Bland married Mary Swann, the daughter of councillor Thomas Swann. They had seven children, none of whom reached adulthood. After his first wife died in September 1700, the widower remarried in Accomack County on February 11, 1701/02, to Elizabeth Randolph, daughter of William Randolph and wife Mary Isham. They had five children before she too predeceased Bland:
- Mary Bland (born August 21, 1704), oldest daughter, married Henry Lee I and had four children, including Henry Lee II who was the father of Henry "Light-Horse Harry" Lee III and the grandfather of Robert E. Lee.
- Elizabeth Bland (born May 29, 1706), 2nd born daughter, married Colonel William Beverley, the son of Robert Beverley Jr., and had four children. The Beverleys were indirect lineal descendants of Pocahontas through their marriage to The Randolphs.
- Anna Bland (born circa 1708), 3rd born daughter, married twice. She had three children with her first husband, Robert Munford, and had two children with her second husband, George Currie.
- Theodorick Bland (born 2 December 1718), youngest son, married Frances Bolling, the daughter of Drury Bolling, and had five children, including Congressman Theodorick Bland.
- Richard Bland (born May 6, 1710), oldest son and heir, married Anne Poythress and had twelve children. According to Lyon Gardiner Tyler, his second marriage was to Martha Macon and his third marriage was to Elizabeth Blair.
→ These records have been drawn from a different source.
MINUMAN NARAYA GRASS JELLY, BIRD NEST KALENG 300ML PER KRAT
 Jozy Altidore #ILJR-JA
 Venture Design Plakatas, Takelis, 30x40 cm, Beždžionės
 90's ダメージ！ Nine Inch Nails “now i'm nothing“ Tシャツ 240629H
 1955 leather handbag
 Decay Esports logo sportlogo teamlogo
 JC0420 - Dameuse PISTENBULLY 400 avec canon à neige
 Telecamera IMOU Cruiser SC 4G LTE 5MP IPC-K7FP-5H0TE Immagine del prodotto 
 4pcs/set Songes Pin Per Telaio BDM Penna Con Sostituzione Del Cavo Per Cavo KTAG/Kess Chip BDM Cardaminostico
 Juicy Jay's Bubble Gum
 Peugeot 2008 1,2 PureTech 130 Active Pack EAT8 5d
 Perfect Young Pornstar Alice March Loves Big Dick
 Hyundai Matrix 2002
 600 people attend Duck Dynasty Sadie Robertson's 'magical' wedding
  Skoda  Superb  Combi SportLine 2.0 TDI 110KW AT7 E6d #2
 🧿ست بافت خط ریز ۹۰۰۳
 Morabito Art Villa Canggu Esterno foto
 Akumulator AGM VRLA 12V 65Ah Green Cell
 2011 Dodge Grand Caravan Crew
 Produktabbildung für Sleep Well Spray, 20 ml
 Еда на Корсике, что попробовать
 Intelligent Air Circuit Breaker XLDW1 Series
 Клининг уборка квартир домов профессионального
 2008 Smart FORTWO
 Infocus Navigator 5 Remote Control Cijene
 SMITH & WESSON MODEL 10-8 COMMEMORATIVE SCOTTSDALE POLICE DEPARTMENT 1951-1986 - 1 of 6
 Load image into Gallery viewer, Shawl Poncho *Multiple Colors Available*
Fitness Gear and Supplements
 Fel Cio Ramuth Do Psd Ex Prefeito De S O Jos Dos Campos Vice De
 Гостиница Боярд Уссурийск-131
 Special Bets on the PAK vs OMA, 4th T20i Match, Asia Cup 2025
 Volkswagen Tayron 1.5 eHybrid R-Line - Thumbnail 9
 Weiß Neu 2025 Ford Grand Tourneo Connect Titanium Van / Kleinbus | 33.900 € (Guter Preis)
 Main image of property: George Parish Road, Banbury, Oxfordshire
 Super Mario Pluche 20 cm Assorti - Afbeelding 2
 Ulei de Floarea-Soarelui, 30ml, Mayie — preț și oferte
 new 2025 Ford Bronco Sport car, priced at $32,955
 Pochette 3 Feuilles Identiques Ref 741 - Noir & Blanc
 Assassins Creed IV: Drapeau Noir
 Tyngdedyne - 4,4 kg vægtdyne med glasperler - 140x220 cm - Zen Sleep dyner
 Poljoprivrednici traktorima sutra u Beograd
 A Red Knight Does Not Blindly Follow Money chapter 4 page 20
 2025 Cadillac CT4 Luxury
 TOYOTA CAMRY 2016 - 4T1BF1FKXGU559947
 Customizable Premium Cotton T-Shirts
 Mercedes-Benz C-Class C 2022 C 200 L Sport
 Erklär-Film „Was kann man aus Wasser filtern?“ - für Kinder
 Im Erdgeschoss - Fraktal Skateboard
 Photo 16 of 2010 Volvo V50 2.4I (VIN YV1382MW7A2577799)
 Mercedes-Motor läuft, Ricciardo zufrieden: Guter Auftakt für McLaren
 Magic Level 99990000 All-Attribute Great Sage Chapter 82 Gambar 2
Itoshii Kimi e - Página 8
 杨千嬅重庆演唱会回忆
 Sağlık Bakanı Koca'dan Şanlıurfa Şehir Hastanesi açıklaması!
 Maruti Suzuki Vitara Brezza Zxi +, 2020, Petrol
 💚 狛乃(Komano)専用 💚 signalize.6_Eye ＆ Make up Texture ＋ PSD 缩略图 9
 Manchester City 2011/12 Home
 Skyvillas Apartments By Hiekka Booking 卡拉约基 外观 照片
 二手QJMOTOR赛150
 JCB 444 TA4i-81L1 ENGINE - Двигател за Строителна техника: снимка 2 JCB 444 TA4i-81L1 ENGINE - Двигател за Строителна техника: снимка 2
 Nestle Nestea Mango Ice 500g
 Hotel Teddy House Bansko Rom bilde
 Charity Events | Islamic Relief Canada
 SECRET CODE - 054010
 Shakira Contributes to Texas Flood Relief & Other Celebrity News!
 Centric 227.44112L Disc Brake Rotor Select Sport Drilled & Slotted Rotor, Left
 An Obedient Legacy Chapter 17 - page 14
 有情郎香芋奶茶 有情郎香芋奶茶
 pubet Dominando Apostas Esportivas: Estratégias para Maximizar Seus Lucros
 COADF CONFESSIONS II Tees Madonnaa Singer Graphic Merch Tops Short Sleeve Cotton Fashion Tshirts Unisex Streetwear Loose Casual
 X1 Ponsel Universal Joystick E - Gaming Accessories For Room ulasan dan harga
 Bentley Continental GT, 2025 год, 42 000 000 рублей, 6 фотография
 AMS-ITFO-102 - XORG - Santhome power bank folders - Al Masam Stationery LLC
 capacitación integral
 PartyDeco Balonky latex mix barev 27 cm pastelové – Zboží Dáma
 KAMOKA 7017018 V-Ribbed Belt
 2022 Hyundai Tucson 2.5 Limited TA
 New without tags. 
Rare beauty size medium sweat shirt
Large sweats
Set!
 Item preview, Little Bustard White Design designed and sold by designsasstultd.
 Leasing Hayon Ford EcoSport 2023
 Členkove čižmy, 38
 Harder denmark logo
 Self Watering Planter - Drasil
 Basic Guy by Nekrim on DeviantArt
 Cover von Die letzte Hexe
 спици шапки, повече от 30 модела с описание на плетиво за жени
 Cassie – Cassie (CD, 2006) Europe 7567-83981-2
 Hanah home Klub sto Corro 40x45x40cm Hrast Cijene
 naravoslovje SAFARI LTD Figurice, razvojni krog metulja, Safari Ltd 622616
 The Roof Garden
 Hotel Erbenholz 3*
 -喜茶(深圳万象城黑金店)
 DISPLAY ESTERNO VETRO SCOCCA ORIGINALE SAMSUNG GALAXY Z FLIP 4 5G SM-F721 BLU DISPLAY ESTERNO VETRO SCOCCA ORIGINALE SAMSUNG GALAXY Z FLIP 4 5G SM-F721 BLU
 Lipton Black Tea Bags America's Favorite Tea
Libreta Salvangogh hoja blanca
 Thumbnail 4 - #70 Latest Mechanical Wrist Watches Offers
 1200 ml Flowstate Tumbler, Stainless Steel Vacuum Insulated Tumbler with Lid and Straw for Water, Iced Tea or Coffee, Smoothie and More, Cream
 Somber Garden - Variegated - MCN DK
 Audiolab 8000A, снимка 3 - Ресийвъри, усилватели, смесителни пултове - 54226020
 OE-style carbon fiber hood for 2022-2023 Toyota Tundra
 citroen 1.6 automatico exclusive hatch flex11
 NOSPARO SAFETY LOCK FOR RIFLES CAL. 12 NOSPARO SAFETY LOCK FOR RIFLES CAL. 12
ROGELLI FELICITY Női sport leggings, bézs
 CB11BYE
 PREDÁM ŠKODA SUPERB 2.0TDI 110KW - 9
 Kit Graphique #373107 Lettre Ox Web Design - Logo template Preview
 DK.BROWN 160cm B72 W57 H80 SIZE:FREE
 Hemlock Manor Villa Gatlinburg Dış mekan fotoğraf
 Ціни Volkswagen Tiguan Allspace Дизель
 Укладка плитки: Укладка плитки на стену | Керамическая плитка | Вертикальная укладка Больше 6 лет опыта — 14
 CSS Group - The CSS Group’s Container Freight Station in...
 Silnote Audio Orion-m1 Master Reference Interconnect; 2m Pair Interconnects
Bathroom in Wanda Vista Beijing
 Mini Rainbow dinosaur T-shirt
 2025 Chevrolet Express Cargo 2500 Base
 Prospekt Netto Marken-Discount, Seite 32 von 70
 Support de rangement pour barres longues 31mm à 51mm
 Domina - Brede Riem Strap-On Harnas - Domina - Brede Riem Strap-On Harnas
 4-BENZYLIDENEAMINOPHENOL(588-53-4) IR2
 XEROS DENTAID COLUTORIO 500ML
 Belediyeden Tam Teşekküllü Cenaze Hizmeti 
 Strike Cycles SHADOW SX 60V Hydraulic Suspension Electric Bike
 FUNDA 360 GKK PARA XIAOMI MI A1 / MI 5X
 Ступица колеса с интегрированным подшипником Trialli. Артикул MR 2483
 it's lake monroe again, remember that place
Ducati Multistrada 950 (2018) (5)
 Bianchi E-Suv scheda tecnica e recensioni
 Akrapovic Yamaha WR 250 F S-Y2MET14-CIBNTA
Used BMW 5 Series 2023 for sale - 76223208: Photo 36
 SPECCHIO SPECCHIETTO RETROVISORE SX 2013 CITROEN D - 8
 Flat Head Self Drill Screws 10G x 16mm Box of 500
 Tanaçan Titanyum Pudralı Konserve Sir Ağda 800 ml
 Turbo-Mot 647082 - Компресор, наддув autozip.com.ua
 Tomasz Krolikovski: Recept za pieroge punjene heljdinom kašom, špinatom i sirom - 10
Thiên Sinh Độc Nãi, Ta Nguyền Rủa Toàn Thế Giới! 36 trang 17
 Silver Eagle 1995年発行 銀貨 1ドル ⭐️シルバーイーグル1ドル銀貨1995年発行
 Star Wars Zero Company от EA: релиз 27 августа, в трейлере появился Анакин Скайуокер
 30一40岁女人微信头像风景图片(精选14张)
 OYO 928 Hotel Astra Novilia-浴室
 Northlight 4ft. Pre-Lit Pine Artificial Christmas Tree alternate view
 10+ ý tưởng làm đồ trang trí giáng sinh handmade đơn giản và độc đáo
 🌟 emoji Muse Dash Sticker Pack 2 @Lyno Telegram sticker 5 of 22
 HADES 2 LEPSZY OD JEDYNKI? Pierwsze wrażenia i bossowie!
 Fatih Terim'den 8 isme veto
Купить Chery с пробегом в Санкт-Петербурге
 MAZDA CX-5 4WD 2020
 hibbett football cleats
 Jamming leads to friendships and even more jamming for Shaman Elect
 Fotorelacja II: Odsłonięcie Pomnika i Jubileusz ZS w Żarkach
Bland's many notable descendants, in addition to his son and namesake, include Roger Atkinson Pryor and Joseph Pembroke Thom, a Speaker of the Maryland House of Delegates.

==Career==
Bland operated plantations using enslaved labor. He was also a county commissioner of Charles City County and later Prince George County, a member of the founding Board of Visitors of The College of William & Mary, and is noted in the church records as a member of the Vestry of Bruton Parish Church in Williamsburg, Virginia, which authorized in 1710 the building of the present Church structure.

When his father died in 1671, Bland's elder brother, Theodorick inherited Westover Plantation and legally joined Richard in its ownership. The brothers eventually conveyed 1,200 acres of the Westover Plantation lands in Charles City County to William Byrd I in 1688 for £300 and 10,000 pounds of tobacco and cask. Richard Bland then established the Jordan's Point Plantation across the James River in Prince George County, where he died in 1720.

==Death and legacy==
Preceding her husband in death, Elizabeth Randolph Bland died January 1720.